Training Area: Behavioral and Cognitive Neuroscience
Research Interests: Genetic and physiological analysis of glutamate signaling in C. elegans
Normal and abnormal signaling by glutamate, the main excitatory neurotransmitter in the brain, forms the basis for fundamental paradigms such as learning and memory, maladaptive behaviors such as drug addiction-associated reinforcement , and psychiatric conditions such as major depressive disorder and schizophrenia. The study of molecular signaling events in the nervous system has benefited tremendously from a reductionist approach, using simple animals as genetically accessible model systems. Further to this approach, we study glutamatergic signaling in the nematode C. elegans. While some basic paradigms (such as associative learning and dopamine-mediated indulgence on food) are reproducible in these animals, the obvious differences between complex and simple animals drive us to focus our research on the study of the basic cellular events in normal and pathological glutamatergic signaling.

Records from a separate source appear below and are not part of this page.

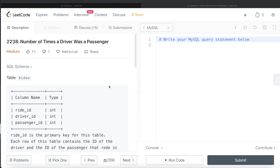Hey guys, welcome back to the channel. This channel, Everyday Data Science, is all about trying to learn the different concepts involved in data science by practicing a lot of questions. In this video, I am going to solve a question on LeetCode regarding number of times a driver was a passenger, and try to walk you through how we can develop solutions to such problems. The difficulty level of this question is medium.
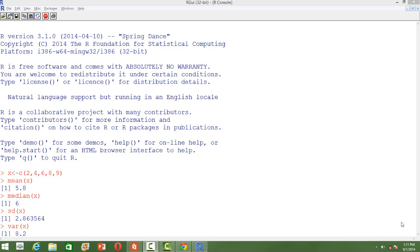So, how do we compute the basic statistics in R? Let's suppose that we have a vector x which carries 5 elements: 2, 4, 6, 8 and 9.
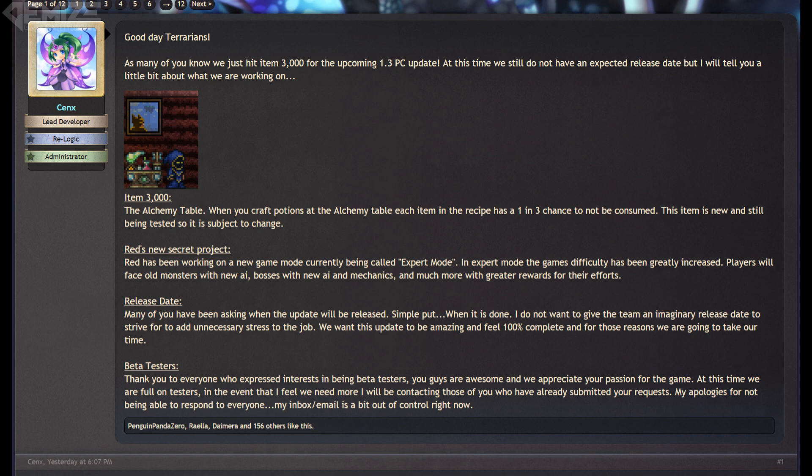As if you recall for the 1.2 update, which was pushed back at least once or twice from even its targeted release window, so they have learned from previous mistakes and won't even set a release date until they are actually completely certain that they can meet it.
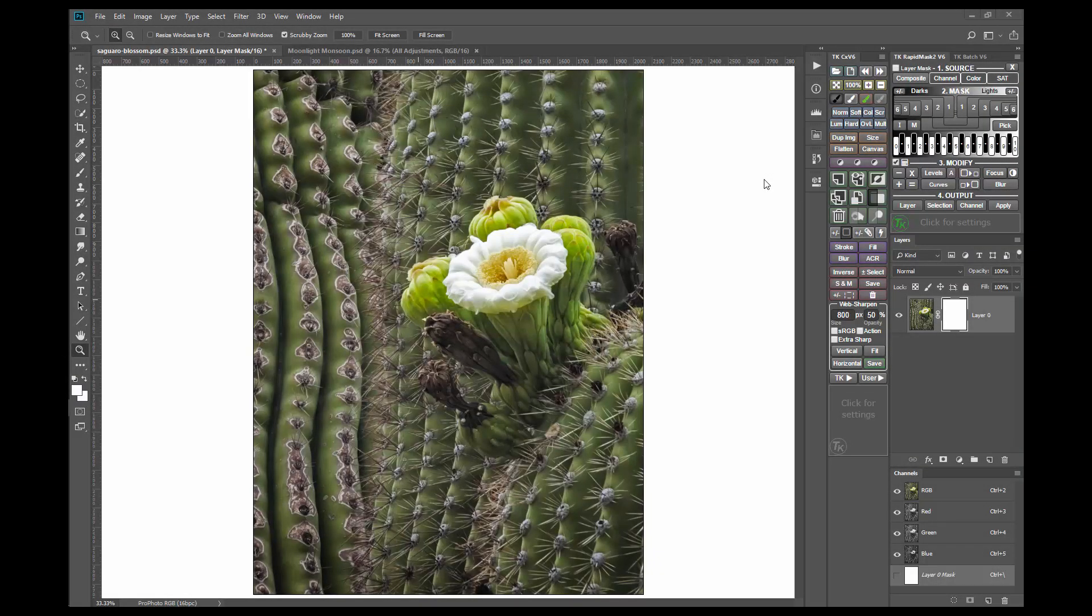Greetings from Arizona. This is Tony Kuiper. This brief video is going to take a quick look at the black and white conversion features built into the TK Actions V6 panel.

We are focusing on two critical aspects: 1) Mechanisms of glutamate clearance that prevent synaptic accumulation and spillover between synapses, to ensure the fidelity of signaling and the separation of neuronal circuits. 2) Mechanisms of neurodegeneration following excessive stimulation of glutamatergic synapses, similar to the damage seen in the mammalian brain following cerebral ischemia. Molecular and cellular mechanisms in neuronal signaling are astonishingly well conserved from nematodes to humans. We therefore hope that by using the power of molecular genetic analysis in C. elegans we might provide novel insights that could be used as guidance to study glutamatergic signaling processes in the nervous system of higher animals, and its involvement in normal behavior and psychiatric disorders.